情報セキュリティ市場の変化に合わせた取り組みを――RSAが方針説明

RSAセキュリティは、情報セキュリティ市場の環境変化に合わせた取り組みを推進する2010年の方針を発表した。

» 2010年01月08日 17時21分 公開
[國谷武史,ITmedia]
山野社長

 RSAセキュリティは1月8日、2010年の事業方針に関する記者説明会を開き、情報セキュリティ市場の環境変化に合わせた製品やサービスなど推進すると表明した。

 同社の山野修社長は冒頭、情報セキュリティ市場の動向について触れ、セキュリティ対策への取り組みや方法、また、セキュリティ製品・サービスの形態などが従来から大きく変化していると説明した。

 従来のセキュリティ対策では、原則として保護する領域の外側にある脅威へいかに備えるかがテーマだった。例えば企業では、従業員や情報システムインフラ、データを保護領域として、境界の外側から来るマルウェアや不正アクセスなどの脅威を中心に対処する。

 だが、近年は従業員のワークスタイルの変化や、パートナーを含めた情報流通の広がり、組織内部に起因する情報漏えいの多発化などがある。保護する領域の内外を包括的に監視し、流通する情報の内容に着目して対策を講じることが求められているという。

 セキュリティ製品・サービスでも、従来は保護対象にする領域や方法ごとに応じたポイントソリューションとして提供され、ユーザー側もポイントソリューションを継ぎ足す形で対策を講じてきた。しかし、セキュリティ対策への取り組みが変化している現状では、個別の対策が氾濫することでの非効率性やコストの肥大化といった弊害も生じている。

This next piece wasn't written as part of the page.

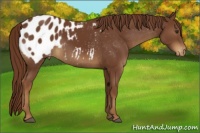 Horse Color:Chestnut Blanket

 山野氏はこうした変化に加えて、2010年はオンライン犯罪が専門業者によるサービスとしても展開される可能性や、企業の情報漏えいの社会問題化なども挙げる。攻撃手法としは、ソーシャルネットワークやクラウドコンピューティングなどのオンラインサービスを悪用するモデルが台頭。また、企業の業績低迷は従業員が社内情報を外部で換金しようする動機につながっていくという。

 同社では、これまでに展開している認証や暗号化、統合ログ管理、オンライン犯罪対策、コンサルティングなどの製品やサービスへ引き続き注力する考え。さらに、情報セキュリティリスクの変化や複雑化を背景に山野氏は、他社とのエコシステムの拡大や包括的なソリューションの整備を本格的に推進する考えを明らかにした。

 2010年は、こうした方針の基に新しく情報漏えい対策のDLP市場や、仮想化システム向けのセキュリティ対策市場に参入する。DLP市場では認証や統合ログ管理などの技術に、デジタル著作権管理技術なども加えた包括的な仕組みを提供するとし、山野氏は「先行する他社とは違う仕組みになる」と述べた。

 仮想化システム向けのセキュリティ対策では、VMwareとの協業を推進してシステムインフラのセキュリティリスクを診断し、包括的なセキュリティソリューションを展開する準備を進めている。山野氏は、「特に仮想化インフラに対するセキュリティの不安は根強い。さまざまな仮想化プラットフォームを含めて、これらで運用させているクラウド型システムを安全にしていきたい」と話している。